Por lo tanto, la historia de la guerra por invasión a Ucrania es la crónica de una guerra anunciada. Ucrania ha resistido cívicamente los embates del prorrusismo interno, y ha persistido en su voluntad de ser un país democrático orientado hacia Europa. Es una amenaza permanente que alimenta los sueños de los rusos que persiguen la democracia en su propio país. Por lo tanto, su población debe ser castigada, como lo fue la de Grozny, o la de Alepo.

Ahora bien, después de Ucrania, ¿qué? ¿Quién será la próxima víctima de Putin? ¿Qué otro país atacará para asegurarse su protección? Moldavia, Polonia, Hungría, Georgia, los Estados Bálticos: todos se sienten amenazados. El Kosovo denuncia la amenaza de Bosnia, abierto aliado de Rusia en los Balcanes. Ninguno pierde de vista que hablamos de un dictador mesiánico con capacidad nuclear.

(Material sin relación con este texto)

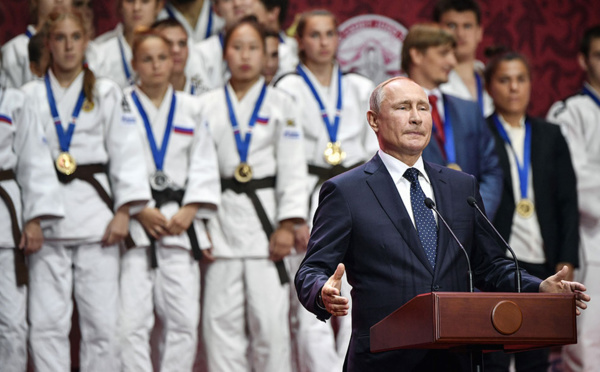 A Vladivostok, la Russie annonce de grands projets tournés vers l'Asie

En resumen, en este año que ha transcurrido, pasamos de la indiferencia al espiral de miedo y violencia, es decir, mientras Europa se busca, Estados Unidos, al mejor estilo estadounidense, entendió tempranamente la amenaza y la vio como una buena oportunidad para reactivar su economía a través de la venta de armas. A su vez, los países del Este de Europa, conociendo al enemigo por dentro y viendo las debilidades de los vecinos occidentales, prefirieron convenientemente refugiarse en esa opción, lo cual a su vez despertó las alertas de un Putin muy sensible a cualquier movimiento en su patio frontal y trasero. Siguiendo con esa lógica, cuando llegue el fin, Putin también lo tiene muy claro. “Après moi le déluge”, dicen los analistas franceses queriendo indicar que arrasará con todo, y que poco le importa la suerte que corra el mundo tras su desaparición. De esta manera, además confirma en su fuero interno que la catástrofe más grande del siglo XX fue la caída de la URSS.

Europa debe reflexionar sobre su rol. Sus acciones definirán el nuevo orden mundial que aparece ante nuestros ojos.

Sabemos que la democracia ha estado amenazada desde siempre, y esta guerra debe ser entendida desde esa óptica, la de los valores que definen este continente.